Harsh punishment from City Section panel over six ineligible players includes no playoffs next year. Appeal is planned.

April 04, 2006|Eric Sondheimer | Times Staff Writer

The Los Angeles Fremont boys' basketball program is banned from participating in next year's playoffs and will not be allowed to play in any tournament games because it used six ineligible players during the 2005-06 season.

In imposing one of the harshest punishments ever in the City Section, the section's rules committee also recommended Monday that Sam Sullivan be suspended from coaching for one year.

That decision, however, is in the hands of Fremont's Co-Principal Rosa Diaz-Denny, who has expressed strong support for Sullivan, the Pathfinders' coach for 28 years.

Among the other sanctions:

* Two juniors still enrolled at Fremont will be ineligible for their senior years for providing false information, effectively ending their high school careers.

* The basketball program will be on probation through the 2007-08 school year and the entire athletic program will be on probation through 2006-07.

* The junior varsity team will be ineligible for the JV playoffs and all tournaments.

Fremont is expected to appeal the sanctions.

"This is unheard of," Sullivan said. "No one has been given a penalty like this. It seems a lot was done out of spite.

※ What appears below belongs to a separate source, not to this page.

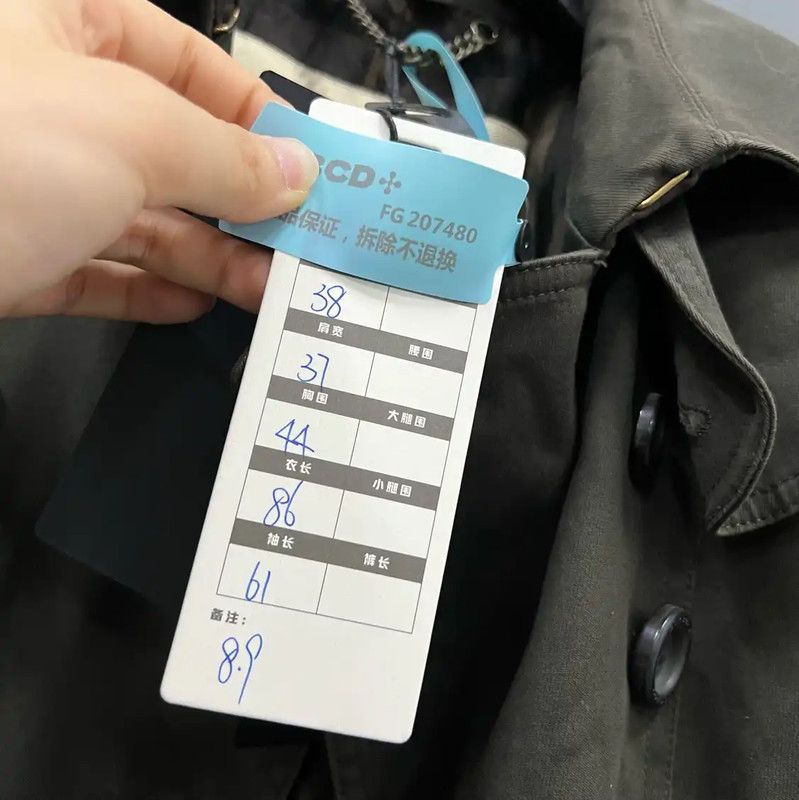 Burberry Burberry Long Green Cotton Coat for Women Size ONE SIZE - 5 Thumbnail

"I think it's too harsh and a case of overkill."

According to a final report sent to Fremont, the rules committee found "extensive falsification of information, forgery and lack of proof of residency" among student documents. The committee said there was "lack of administrative oversight and lack of responsibility taken by the adult personnel involved with the basketball program."

Fremont was seeded No. 2 for this season's playoffs after winning the Coliseum League championship. Just days before the tournament was to begin, the team was removed from the playoffs and forced to forfeit all its victories when five out-of-state transfer students and one in-state transfer student were declared ineligible.

The City Section ruled that the players did not move with their family unit as required under California Interscholastic Federation rules and concluded that false information was provided.

The investigation was triggered after a Boston Globe reporter made inquiries near the end of the regular season while researching a story about three former Boston-area athletes who had transferred to Fremont.

A review of documents from the five out-of-state students showed that the signatures of the mothers on the paperwork packets were "not consistent" if not "quite different," according to the City investigative report obtained by The Times under the California Public Records Act.

There were additional inconsistencies in the paperwork. Two assistant coaches at Fremont were listed by students on documents, one as an uncle and another as an emergency contact. Both denied relationships with the students and expressed surprise and puzzlement at being included. Diaz-Denny blamed staff shortages for Fremont's failure to catch the paperwork discrepancies.